Nor would I characterize the trading of two of the Kings' most popular players (Hedo and Scot Pollard) for Brad Miller as lacking in "flash." Just think at where we'd be without that deal. Hedo would have either gone and signed somewhere else or played second fiddle to Peja. Pollard would have self-destructed, as he did in Indiana, and the Kings would have had nothing. Now we have one of the top 5 centers in the league. That's flash.

So is turning Jason Williams into Mike Bibby. Or Mitch Richmond into Chris Webber.

I agree that we need some of that Petrie magic now more than ever, but I think your fears and dire tone are unfounded. It's July 12th, give the guy some time!
 
http://www.sacbee.com/content/sports/basketball/kings/story/13219193p-14062071c.html

If it's money that talks, Abdur-Rahim is no lock

Kings president of basketball operations Geoff Petrie said Monday he plans to show free-agent forward Shareef Abdur-Rahim Sacramento's best.

But after all the fine dining, scenic views and palatial estates, Abdur-Rahim is going to want Petrie and the Kings to show him the money. And that bottom line may not be any more than $5 million - the approximate expected midlevel exception most every other team can offer.

For free agents, the way to maximize dollars on a new contract is to re-sign with their previous team, enabling themselves to sign a six-year deal instead of the five-year maximum available when signing with a new team.

The incumbent team also can increase the salary in each year of the contract by approximately 2 percent more each season than a new club can.
Re-signing with the incumbent team and then being involved in a sign-and-trade sending the player elsewhere often is attractive to players because they can make maximum money and go to their desired team.

However, in Abdur-Rahim's situation, Portland general manager John Nash said his team's plan was to not accept any salary in return for free agents.

Abdur-Rahim, who last week was wined and dined by the New Jersey Nets, made $14.6 million last season.

"Without Shareef's salary, and if we were to take a salary back, it would put us in the tax limit," Nash said. "So (a deal with the Kings) is not realistic. We'd take draft picks."

But a team would have to have cap room or a trade exception - a salary slot into which a player could be acquired in lieu of a player-to-player salary match.

"(The Kings) would have to be able to take on his salary," Nash said, "and I don't think they have a trade exception, so it's ... moot."

Petrie said there are a number of players available through either trade or free agency the Kings like.
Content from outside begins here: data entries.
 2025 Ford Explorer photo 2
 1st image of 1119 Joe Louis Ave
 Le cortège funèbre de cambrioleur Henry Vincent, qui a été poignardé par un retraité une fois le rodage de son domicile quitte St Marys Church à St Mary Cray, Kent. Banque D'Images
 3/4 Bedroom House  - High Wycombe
He avoided directly answering whether Sacramento had made offers to any players.

"I think the only real fair answer is we're in discussions with any number of players, any number of agents and to some extent a number of teams," he said after returning to Sacramento from Las Vegas to meet with Abdur-Rahim and, of course, talk on the phone. "We have nothing definitive to announce. We have a strong interest in Shareef."
 
Andriod_KiNg said:
Petrie said there are a number of players available through either trade or free agency the Kings like. He avoided directly answering whether Sacramento had made offers to any players.

"I think the only real fair answer is we're in discussions with any number of players, any number of agents and to some extent a number of teams," he said after returning to Sacramento from Las Vegas to meet with Abdur-Rahim and, of course, talk on the phone. "We have nothing definitive to announce. We have a strong interest in Shareef."
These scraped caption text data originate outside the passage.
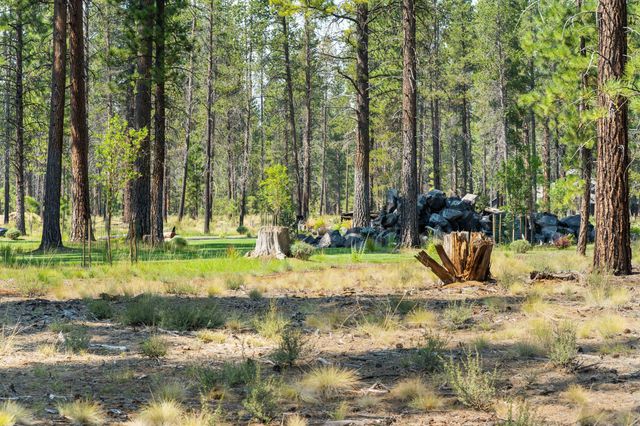 56244 Rockcress Lane 437, Bend, OR 97707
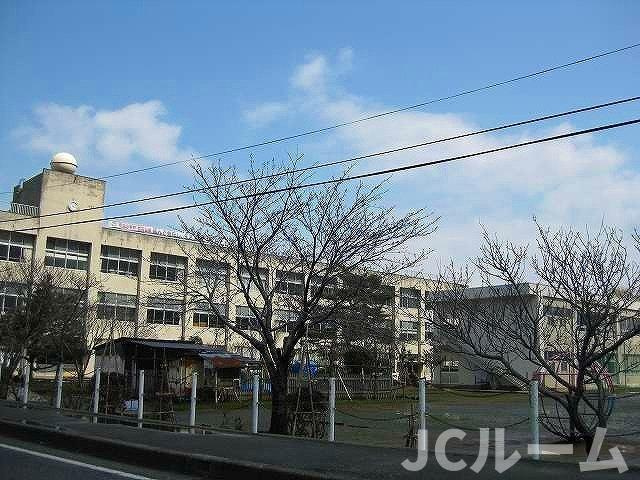 アベニールⅡの周辺|高志小学校まで950m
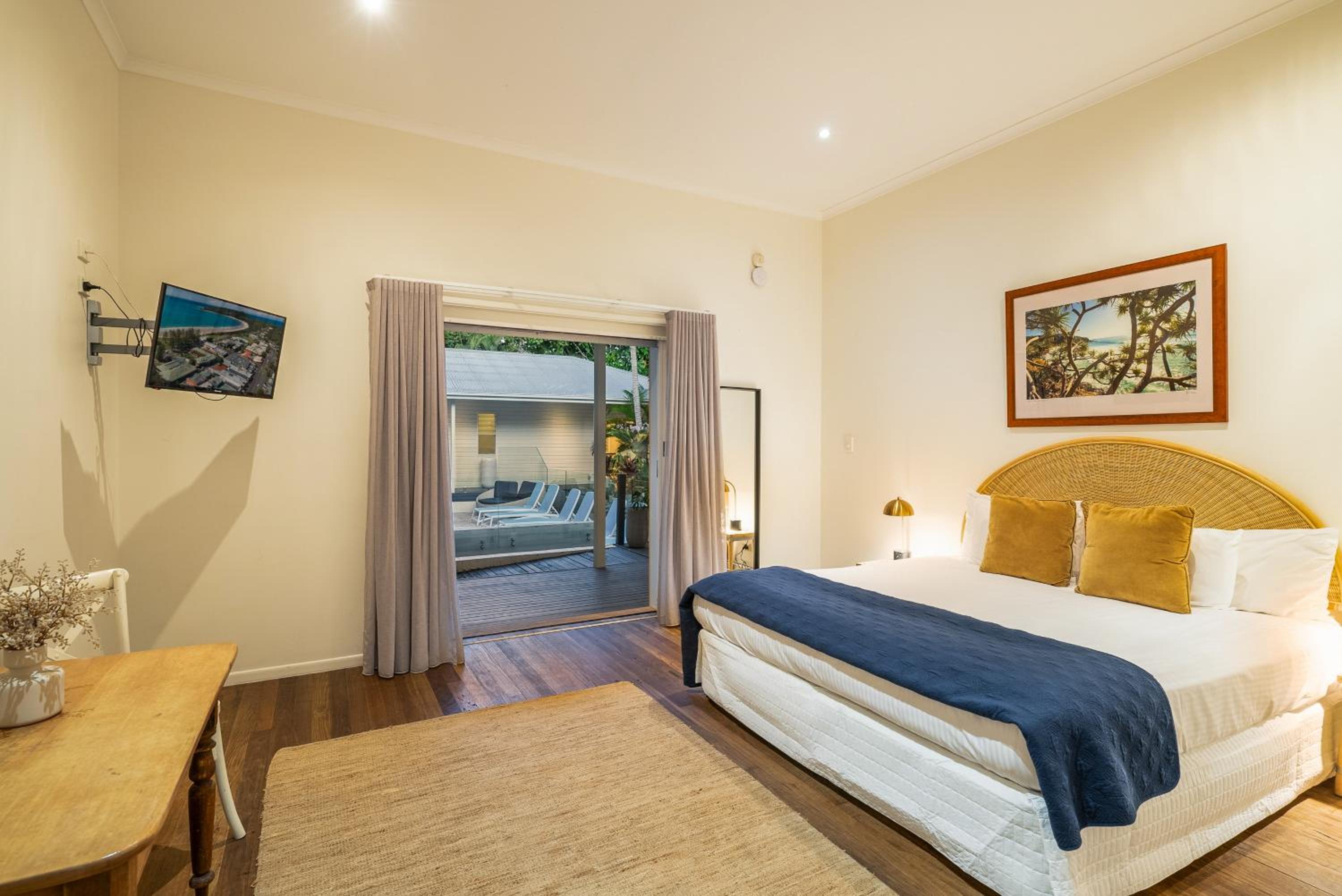 hotel room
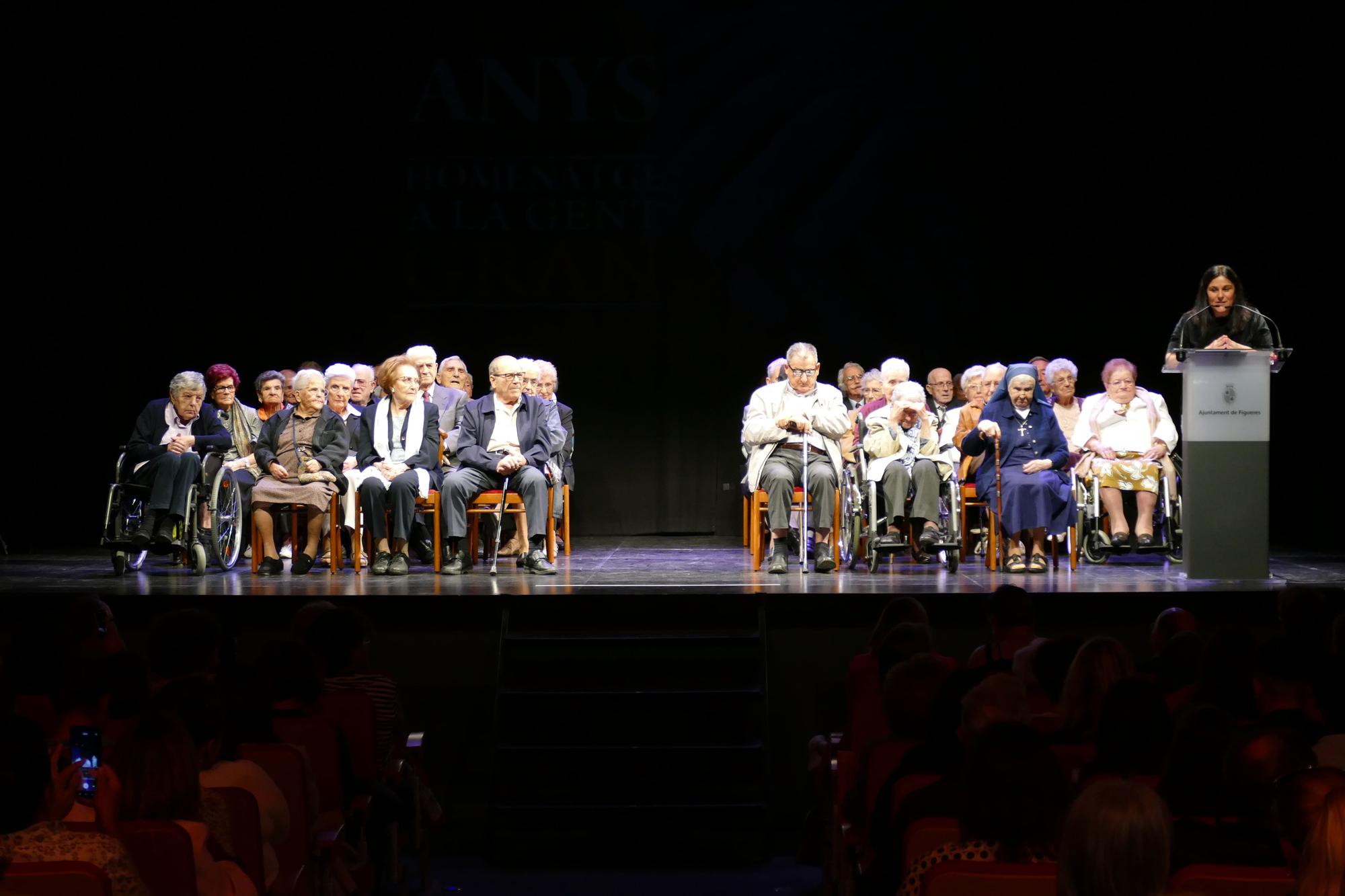 Totes les imatges de l'acte d'homenatge a les persones que celebren 90 anys aquest 2023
classic geoff petrie. not sure what "strong interest in shareef" is supposed to mean, and i hope its not to insinuate that shareef is among the best players the kings are looking at, but i am slightly encouraged to hear that the kings are in talks with "any number" of teams, players, agents, etc.
 
Does anyone else feel that even if this goes to plan, and we pick up SAR relatively cheap and then can move Peja, that we couldn't even get Chandler for Peja straight up??
 
LPKingsFan said:
Does anyone else feel that even if this goes to plan, and we pick up SAR relatively cheap and then can move Peja, that we couldn't even get Chandler for Peja straight up??

I think the Bulls see Deng as their SF of the future, so no, I don't think that would happen.
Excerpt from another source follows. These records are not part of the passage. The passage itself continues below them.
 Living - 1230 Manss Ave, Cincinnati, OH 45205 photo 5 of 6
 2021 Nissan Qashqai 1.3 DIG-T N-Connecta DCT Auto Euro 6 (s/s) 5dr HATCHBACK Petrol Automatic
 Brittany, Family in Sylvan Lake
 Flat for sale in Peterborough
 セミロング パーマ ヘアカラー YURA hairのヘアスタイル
And you know how I feel about moving SAR to the SF...
 
LPKingsFan said:
Does anyone else feel that even if this goes to plan, and we pick up SAR relatively cheap and then can move Peja, that we couldn't even get Chandler for Peja straight up??

oh, i'm quite certain we couldn't get chandler for peja straight up. peja's value has dropped significantly. it will, of course, rise a whole helluva lot by the end of this season, because peja's gonna play like an all-star again. GUARANTEED. nothing lights a fire under a player's *** (in any sport) like a contract year. unless your name's kwame brown, you play your absolute best when that contract year rolls around, otherwise you dont make the big money. peja's gonna look like he did 2 seasons ago, and the kings may yet again have a 50+ win season, but we're gonna have to pay him serious money after that if we wanna keep him. while i dont think peja will ever be deserving of THE MAX because of his one-dimensional style of play, its what he will get come next season, with the kings, or elsewhere. it may very well be in the kings best interests to bring in a guy like rahim, if the price is right. it'd be a nice insurance policy if peja walks at the end of this season. i'm no fan of rahim's, but the peja situation is rather complex. if he walks, you would have some flexibility at the SF with kenny thomas (assuming we are unable to move his contract) and rahim (regardless of where anyone thinks he should play). just a thought...
 
ok,my opinion is:
Peja will stay in sacramento and play as SF
peja can't play as a PF because SF need to shot from out...(3pt)
Shareef can't shot from there and no body who has a PF(only Dirk Nowitzki)
so peja can't play at PF.....
 
Hezi - I don't think anyone is saying Peja could/should/would play power forward.
 
VF21 said:
Hezi - I don't think anyone is saying Peja could/should/would play power forward.
Although i remember a very intresting poster on realgm.com who demanded Rick Adleman fired because we didnt put Peja on Yao since he was our tallest players at the time, i laughed for days :D
 
nbrans said:
Geoff Petrie doesn't have flash?? He's doesn't take risks to prevent the slide of the franchise? Overly attached to personnel? This is the guy who traded Chris Webber. CHRIS WEBBER!! No one thought Chris Webber could be traded. If that's not putting your chips on the table I don't know what is.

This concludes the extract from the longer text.